Adapun alasan dirumahkan tersebut dikarenakan masa kontrak para pegawai PHL tersebut terhitung tanggal 31 Desember 2019 telah berakhir, sehingga Sekretariat DPRD Kota Medan melalui bagian umum merumahkan sementara para pegawai PHL dan akan dipanggil kembali ketika akan dibutuhkan kembali.

Seperti yang dijelaskan oleh Sekretaris DPRD Medan, H.Abdul Aziz melalui Kabag Umum Sekretariat DPRD Kota Medan, Andi Syukur kepada wartawan, Kamis (2/1/20).
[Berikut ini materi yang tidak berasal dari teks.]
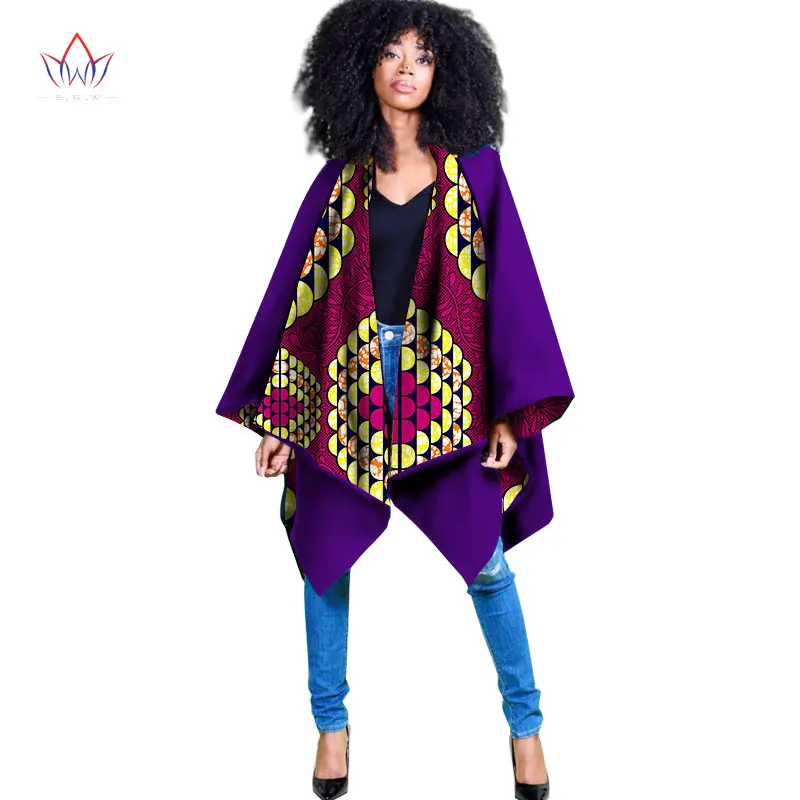 Африканское Женское пальто винтажное осеннее пальто элегантное Пончо Топ с длинными рукавами плюс размер 6XL африканская Дамская одежда wy1614 - Цвет: 10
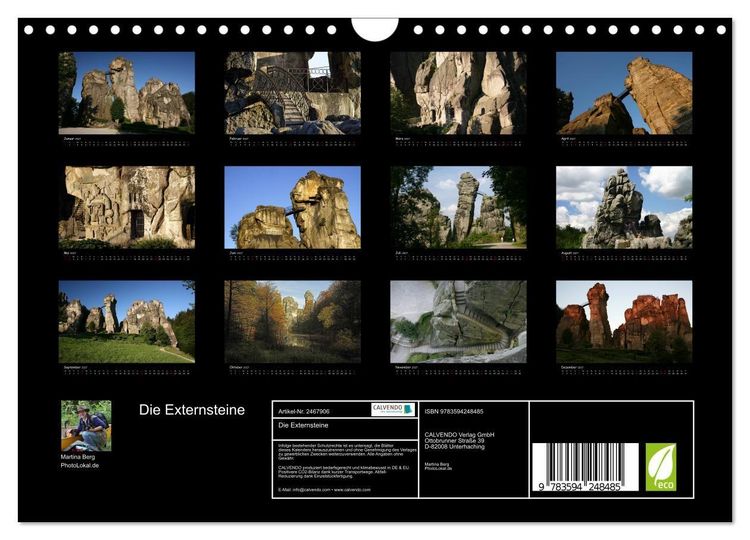 Produktbild: Die Externsteine (Wandkalender 2027 DIN A4 quer), CALVENDO Monatskalender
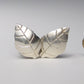 Silver Leaf Stud Earrings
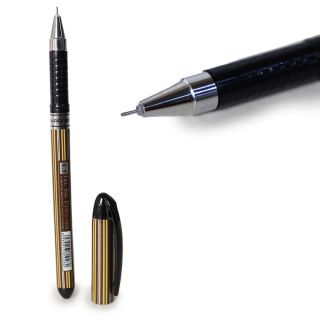 Pluma Escolar Con Tinta Negra De Gel ZHIFI Envase Estampado Líneas De Colores 15 Cm | RXM-307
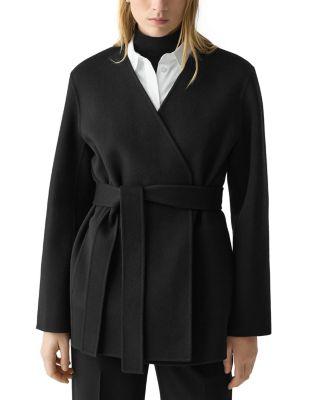 Wool & Cashmere Wrap Jacket by THEORY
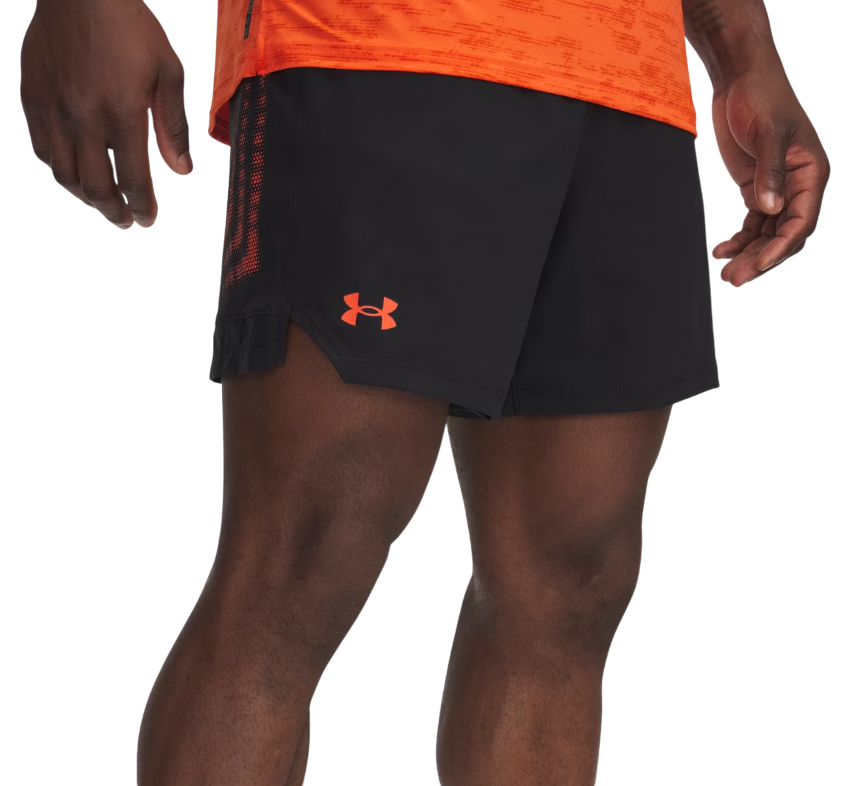 Shorts Under Armour Vanish Woven 6in Graphic Running Shorts Svart | 1390054-002, 0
Andi menjelaskan, aturan yang mereka lakukan terhadap para PHL tahun sebelumnya juga sudah diberlakukan, namun masih secara lisan.

“Sebenarnya, aturan ini sudah kita terapkan, namun masih secara lisan. Mengingat arahan Sekda Kota Medan, Wirya Al Rahman, yang menyebutkan memastikan jumlah PHL yang akan bekerja di tahun 2020 akan disesuaikan dengan kebutuhan,” terang Andi.

Masih tambah Andi lagi, Sekretaris DPRD Medan, Abdul Azis, juga sudah mengeluarkan surat dengan Nomor 800/14408 tertanggal 30 Desember 2019 agar PHL tidak lagi bekerja terhitung tanggal 2 Januari 2020.

“Jadi nanti kita akan merekrut kembali PHL yang dirumahkan tadi sesuai kebutuhan kita di sekretariat DPRD Medan, nantinya mereka ( PHL ) akan mengajukan lamaran kembali dan melewati berbagai proses seleksi sesuai persyaratan yang kami butuhkan,” jelasnya.

Sebelumnya, Pemko Medan mengindikasikan bahwa tahun 2020 kembali akan ada pengurangan jumlah pegawai harian lepas (PHL) atau tenaga honorer. Sayangnya, belum diketahui pasti jumlah PHL yang akan dirumahkan atau diberhentikan

Sekda Kota Medan, Wirya Al Rahman, memastikan jumlah PHL yang akan bekerja di tahun 2020 akan disesuaikan dengan kebutuhan.

“Masing-masing OPD (Organisasi Perangkat Daerah) sedang menganalisis kebutuhannya,” katanya.

Kebutuhan dan keberadaan PHL, ujarnya, setiap waktu akan dievaluasi. Kondisi PHL yang tercatat saat ini berjumlah 11.864 orang. Dengan jumlah sebesar itu biaya gaji yang harus dibayarkan sebesar Rp413 miliar per tahun.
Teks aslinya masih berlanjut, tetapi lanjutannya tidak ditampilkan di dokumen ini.